Sunday, August 15, 2010

How much?!?

Money. It makes the world go 'round. It buys the pretty things we crave, the food we eat, and the shelter we seek. If we make not enough, we strangle every penny. I've lived at both extremes, the former causing the latter. Yet, in both, I've always had a problem spending it on myself. Especially when it comes to things that I have developed expectations on.
When I buy food, I expect it to be palatable. Clothes, I expect to be sturdy enough to last. The price I pay is rarely the true worth, as I usually try to bargain shop.
My highest expectations stem from my belief that there should be no price tag for the thing that is bugging me. Education.
Nowadays, with all the technology and ease of information transfer, learning should not be so expensive. Why did I (or in truth, mostly my parents) pay so much for a piece of paper that I have not even bothered to frame and hang? It's not guilded in gold, or carved into the ivory tusk of a mammoth. Yet for the same price, it could have been. This piece of paper was supposed to open doors and net me a higher paying job. It's done neither.
I took two classes through work, simply because I knew I would never see a bill. I tried to be more social, but my classmates found the work so hard, or their lives too busy to schedule study times. I did my work, and collected my grades. Passing them was supposed to guarantee benefits in work I have yet to see. Though it did help me in personal matters-as in contract law.
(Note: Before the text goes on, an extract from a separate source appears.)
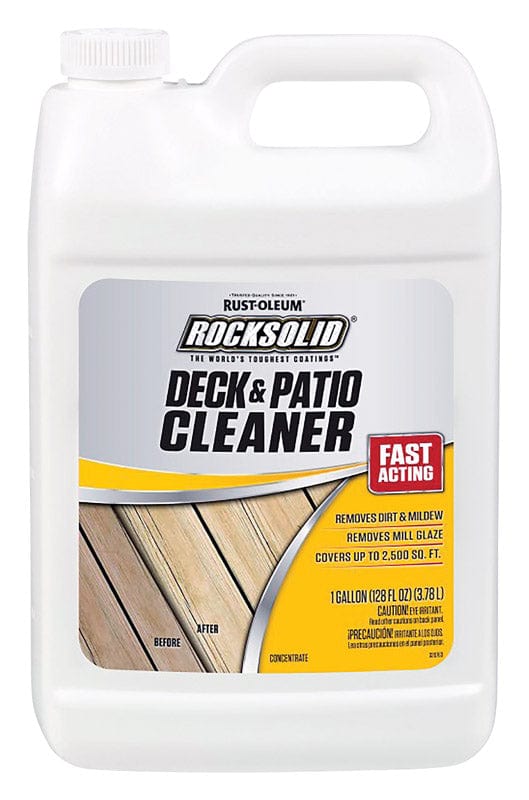 Rust - Oleum Deck and Patio Cleaner Rust-Oleum RockSolid Deck and Patio Cleaner 1 gal Liquid 899201002858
My opinion is that education should not carry the hefty price tag that it does. If you're smart enough to take the classes, you should be able to without taking out loans. The price for college should be adjusted to accomodate the minimum wage.  Or vice versa. Too often are people graduating with the hope of a large paycheck to pay off their loans, and are stuck in lower paying jobs. Or bright people who didn't get formal education, are denied advancement because of a lack of a piece of paper.
I feel like I am in a massive casino, gambling more money in hopes of a big payoff. And I partially refuse to pay the tens of thousands if they can't give me some sort of guarantee.
Yes, my expectations are high. It's not like I can return a faulty education. If they can't open the doors, why should I open my checkbook?